Recorded data ->
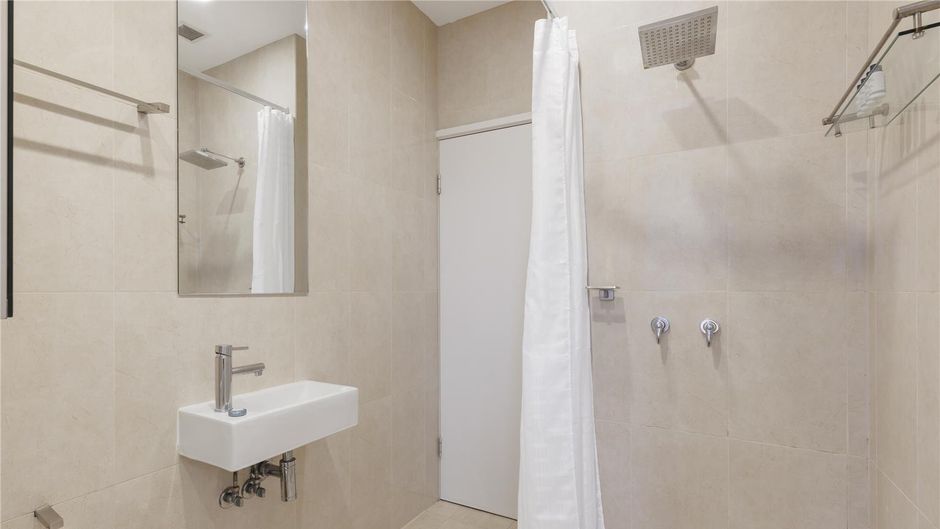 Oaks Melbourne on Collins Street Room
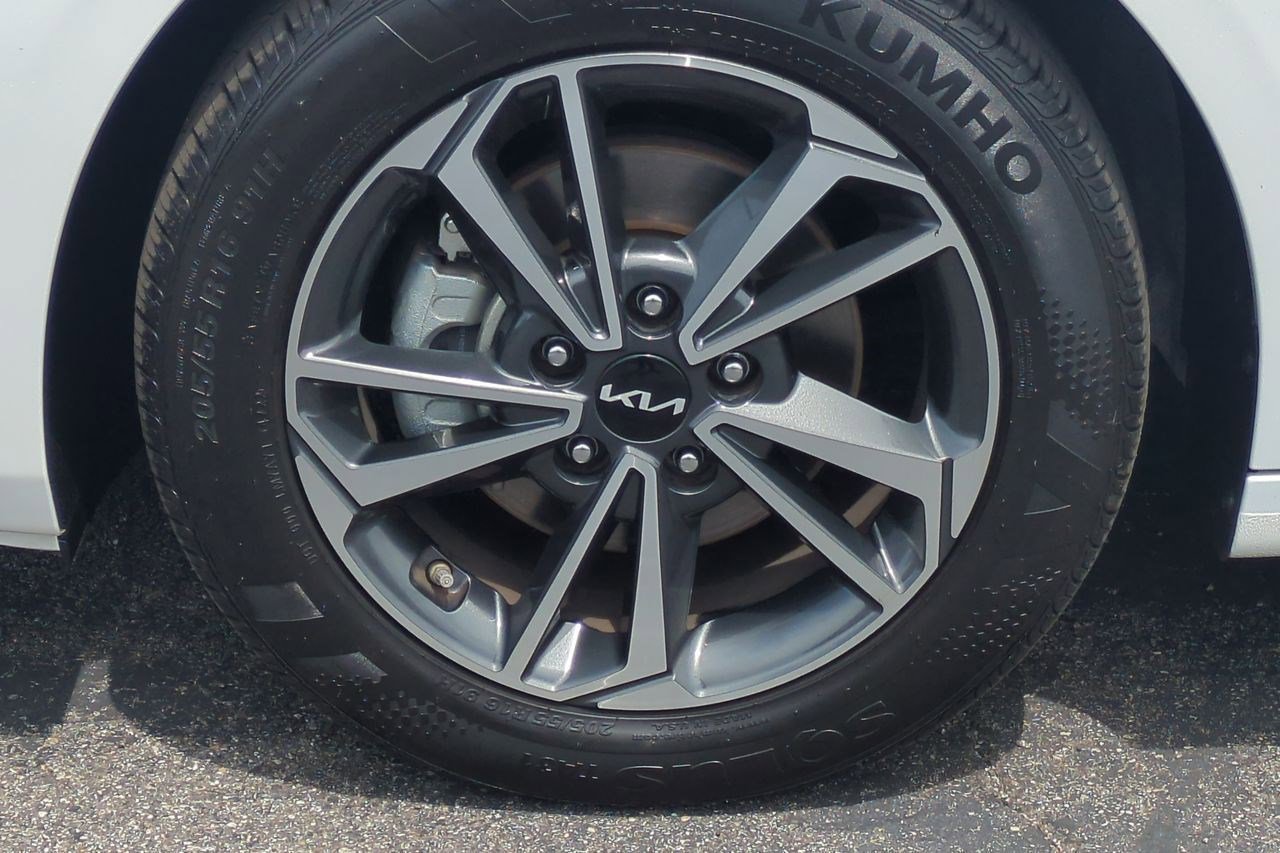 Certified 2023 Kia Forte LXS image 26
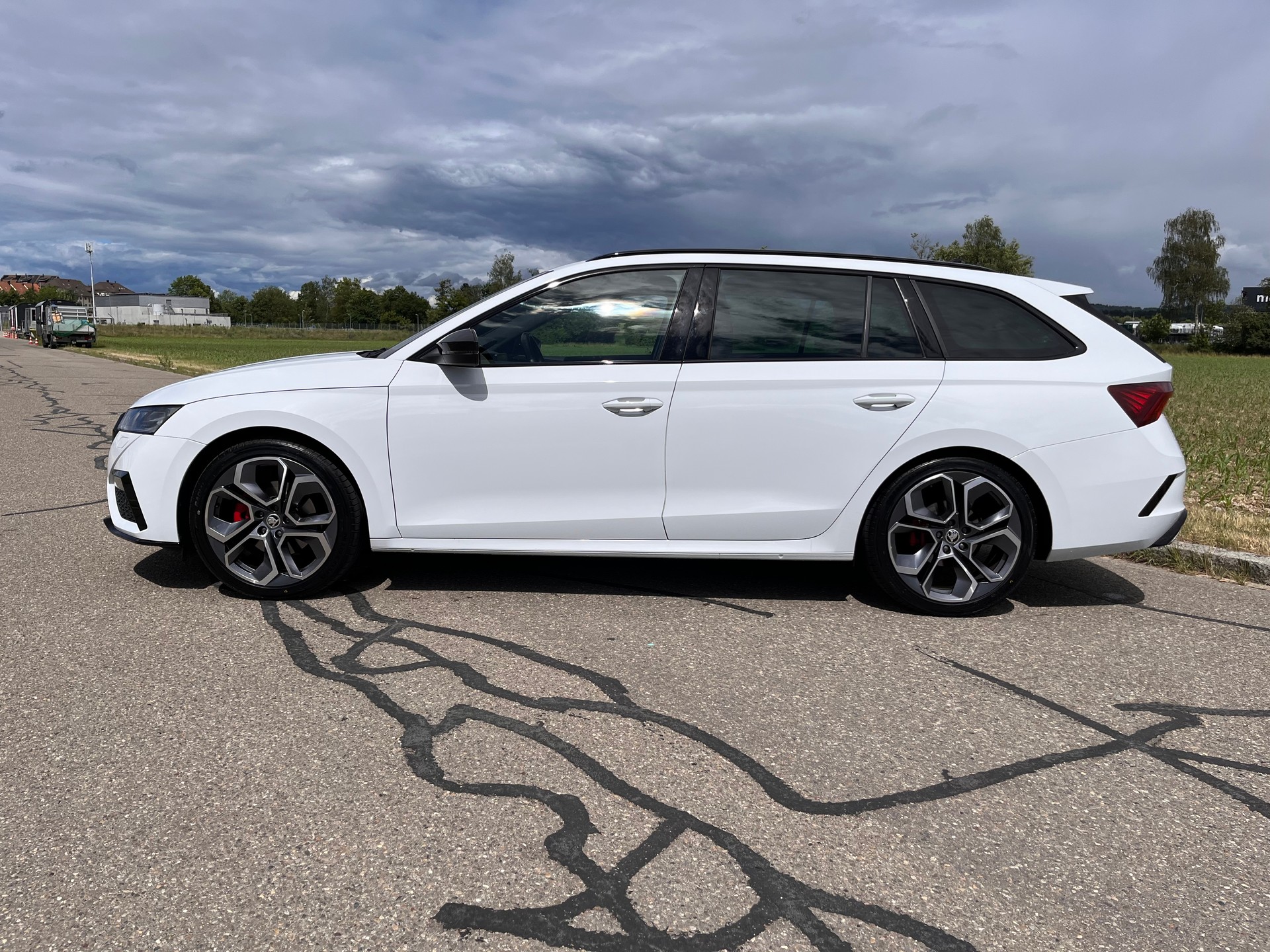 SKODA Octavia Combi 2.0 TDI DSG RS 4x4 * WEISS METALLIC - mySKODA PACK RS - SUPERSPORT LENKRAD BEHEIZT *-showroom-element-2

==

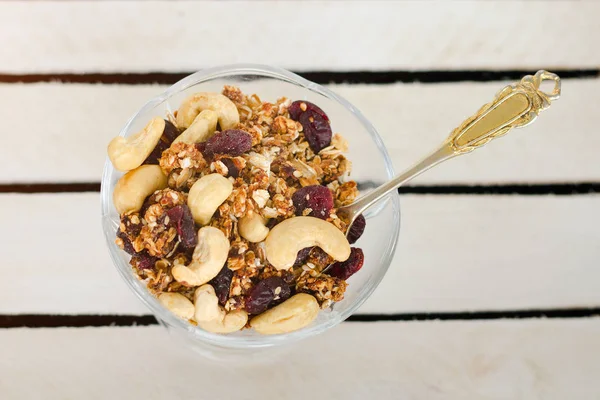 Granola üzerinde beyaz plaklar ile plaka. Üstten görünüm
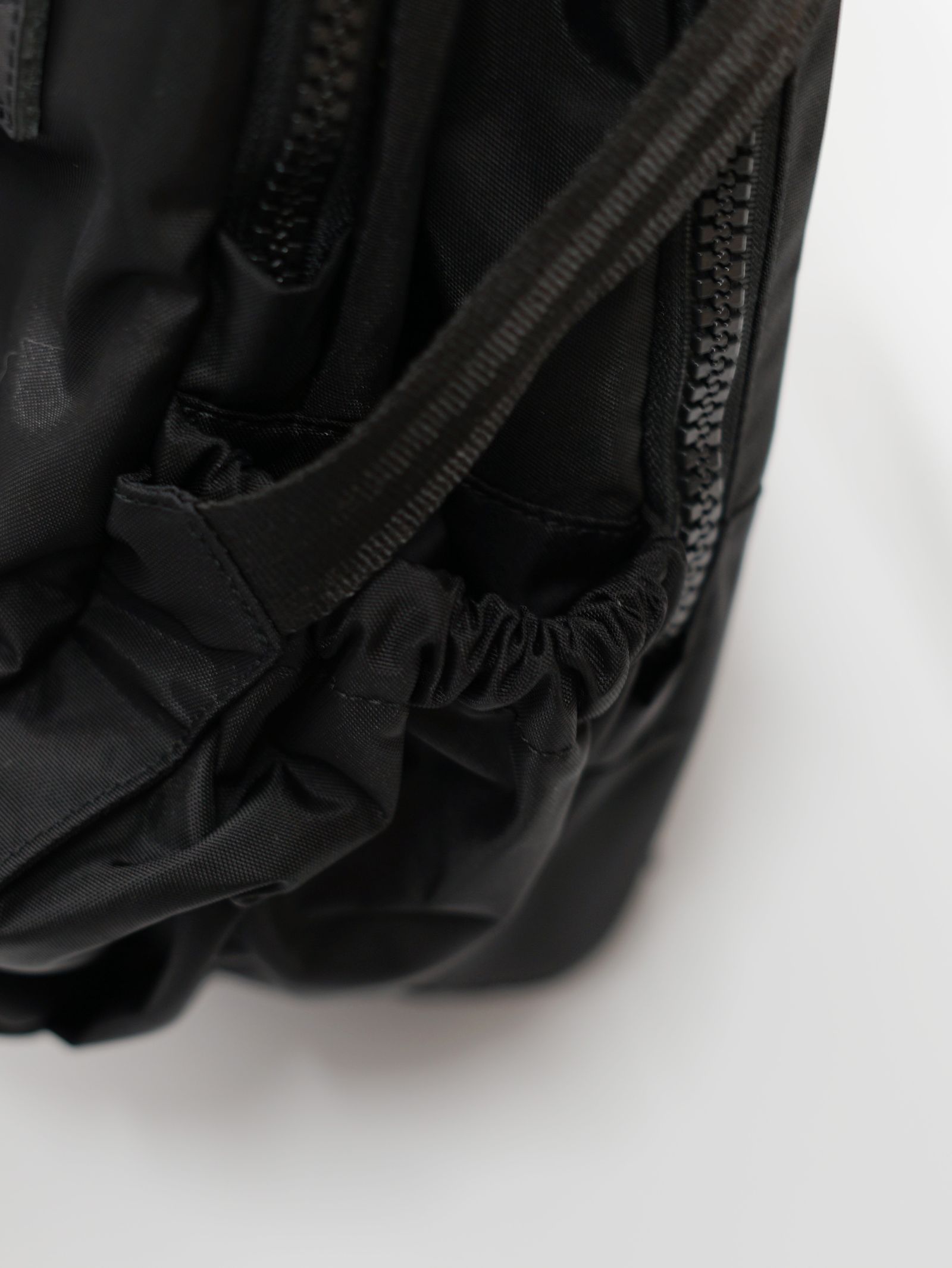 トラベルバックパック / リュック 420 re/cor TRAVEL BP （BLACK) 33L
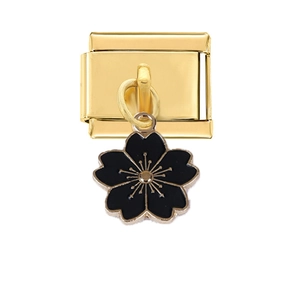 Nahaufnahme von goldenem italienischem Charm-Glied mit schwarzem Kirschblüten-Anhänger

Problem ->
Copy back exactly the lines above from the one containing "Oaks Melbourne on Collins Street Room" through the one containing "SKODA Octavia Combi", and leave every picture behind.

Solution ->
 Oaks Melbourne on Collins Street Room
 Certified 2023 Kia Forte LXS image 26
 SKODA Octavia Combi 2.0 TDI DSG RS 4x4 * WEISS METALLIC - mySKODA PACK RS - SUPERSPORT LENKRAD BEHEIZT *-showroom-element-2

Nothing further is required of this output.